Decerto a probabilidade de termos um futuro melhor se ancora em fatores objetivos, como a expansão do mercado interno, a situação demográfica, o avanço extraordinário dos setores agrícola e mineral, o potencial energético e a posição de liderança regional. Mas é preciso diagnosticar e atuar sobre aquilo que pode diminuir nosso ímpeto desenvolvimentista.
A melhoria da Educação é a tarefa, a um só tempo, mais urgente e mais de longo prazo que temos de cumprir. Fazer com que as crianças se alfabetizem solidamente, que os jovens concluam o ensino médio e que nossos estudantes ampliem nossas capacidades científicas e tecnológicas é o grande passaporte para o futuro.

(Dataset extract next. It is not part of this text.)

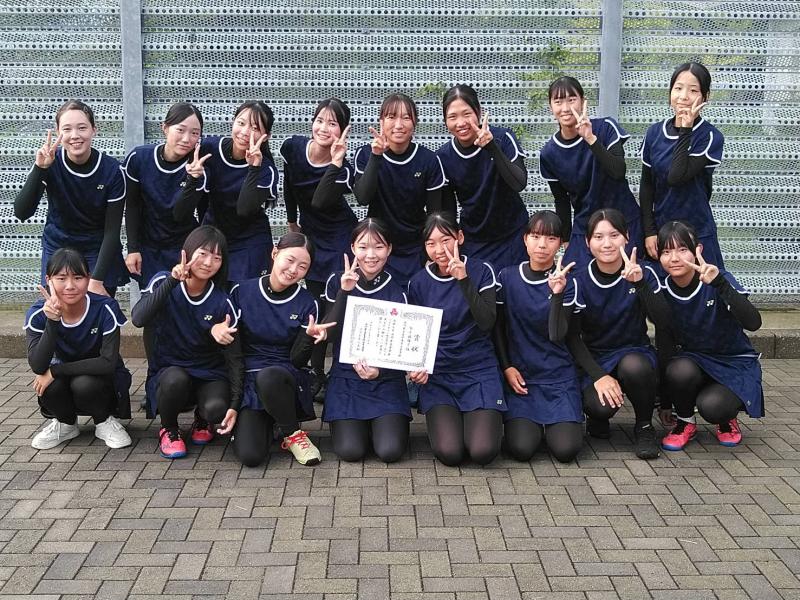 ３位入賞の賞状を真ん中に集合写真に収まる選手たち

Para isso, é preciso caminhar, mesmo que aos poucos, para o modelo necessário: Escola de tempo integral, carreira docente atraente, comprometimento da Escola com o aprendizado dos alunos, monitoramento constante dos resultados Escolares e incentivo para a adoção das melhores práticas pedagógicas.
Quem quiser um receituário detalhado entre na página do movimento Todos Pela Educação, que se preocupa em pensar o nosso futuro e em atuar sobre a realidade atual, com muita seriedade e – para desgosto dos fracassomaníacos – otimismo.
Construir um futuro melhor passa, por fim, por ter um projeto nacional, especialmente no que se refere à inserção política e econômica no plano internacional. Além de fazermos nossa lição de casa em áreas como Educação e Infraestrutura, precisamos fortalecer a posição geopolítica do país, com política externa altiva, mas ponderada, bem como cuidar bem da estrutura produtiva.
Este último ponto é essencial porque muitos países hoje em crise estão perdendo seu espaço econômico. Para uma nação grande e complexa como o Brasil, é necessário aproveitar vantagens comparativas, como agricultura, mineração e o aproveitamento inteligente do potencial ecológico. Mas é fundamental ter uma sólida base industrial e de serviços.
Se construirmos um caminho sustentável de desenvolvimento, o otimismo poderá ser mais duradouro. Caso tenhamos visão estratégica de futuro, poderemos atrair Portugal e os portugueses para uma sólida parceria. A riqueza das nações tende a ser maior quando jogos de soma positiva imperam entre elas.